Humidity is a critical factor in cannabis cultivation, one that is much discussed but also often misunderstood. It’s about time we set the facts straight.

We want to help you keep your buds dry and healthy, so this may be a bit long winded. Take a deep breath, but don’t sweat.


Air is comprised of many different gases, one of which is water vapor- the gaseous form of water. The amount of water vapor in the air is measured by relative humidity (RH). This is basically the amount of water vapor in the air, as a percentage of the amount of water the air can contain.

RH is determined by two factors- the amount of water vapor and the air temperature. With this in mind, we can understand the importance of relative humidity in a growing facility.


Humidity is a major factor in the cannabis industry due to the dreaded Botrytis, a moisture loving fungus, most commonly known as “bud rot”.

Humidity control equals bud rot prevention. That’s the bottom line.

Due to the dense nature of the cannabis bud, it’s highly susceptible to humidity build up. This is caused by the plant continuously emitting water vapor through its leaves. this is intensified in cannabis, because the bud itself contains leaves, known as “sugar leaves”. Because the bud is dense, this humidity gets trapped.

Humidity is water vapor in the air, but the real enemy is actual liquid water. Water tends to condense on cold surfaces. And this is the tricky part, the plant itself may be the cold surface! Plants transpire as they cool themselves off, sort of like sweat, which renders them colder than their immediate environment. With cannabis, the humidity, which is created inside the dense bud, condenses on the cold surfaces, also inside the bud. This is great for mold and a major concern for growers.

To better understand the relationship between humidity and air temperature, we should have a look at the dew point.


The dew point is the point at which air becomes saturated with water vapor, forcing the water to condense from a gas form into liquid. Basically, it’s the point at which temperature has dropped enough to force water to appear.

This may not be intuitive, as water vapor is invisible, so we’ll use an everyday life example. Following is the Psychometric table:

When you pour a cold drink into a glass, you’ll notice water forming on the outside. This happens because the cold drink lowers the temperature of the glass, pushing it beyond the dew point. The water vapor from the surrounding air condenses onto the outside surface of the glass and that’s where you get the formation of water droplets.

This is the basic concept. The dew point is the temperature at which humidity turns into water.


Temperature and relative humidity are intertwined. It’s easy to think of air as a sponge in this scenario; it contains water up to a certain point and once it is full, water begins to appear. If the temperature is constant, we can reduce the relative humidity by removing water vapor from the air. This would stop the appearance of water.

But when temperature changes, relative humidity levels will also change. Hotter air can contain more water than colder air. When temperatures rise, relative humidity drops, reducing condensation.

Water condensation can be managed and prevented through control of humidity and temperatures, such as with DryGair’s dehumidification systems. This is the important part- the dew point is basically a breakdown of this relationship.

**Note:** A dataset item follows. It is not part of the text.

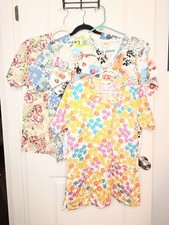 Tafford Scrub Tops XS Lot Nurse Medical Uniform Floral Paris Print Bundle 4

The following graph represents the dew point as a function of RH at a given air temperature:

Graph of Dewpoint vs. Air Temperature at 70% Relative Humidity. Based on the Magnus-Tetens approximation.


This graph represents 70% RH. You can notice that at an air temperature of 70°F (bottom axis), the graph aligns with 60°F dew point temperature (left axis). This means that if your greenhouse air is currently at 70% relative humidity at 70°F, you can go as low as 60°F before liquid water begins to appear. If any one surface in the growing facility reaches 60°F or below, water will condense on it. Cooler surfaces are typically ceilings and walls, which have greater contact with the outdoors, as well as metal pipes and railings, or as we mentioned earlier, the plants themselves.


A combined approach, based on knowledge, allows us to do the minimum. We don’t mean minimum care, we mean minimum cost.

Understanding what the dew point is and the factors that affect it provides us a better understanding of what’s really going on in our operation. What really happens when we heat up, or allow the air to cool down. It’s not just about temperature, it’s about humidity as well and the dew point encapsulates this.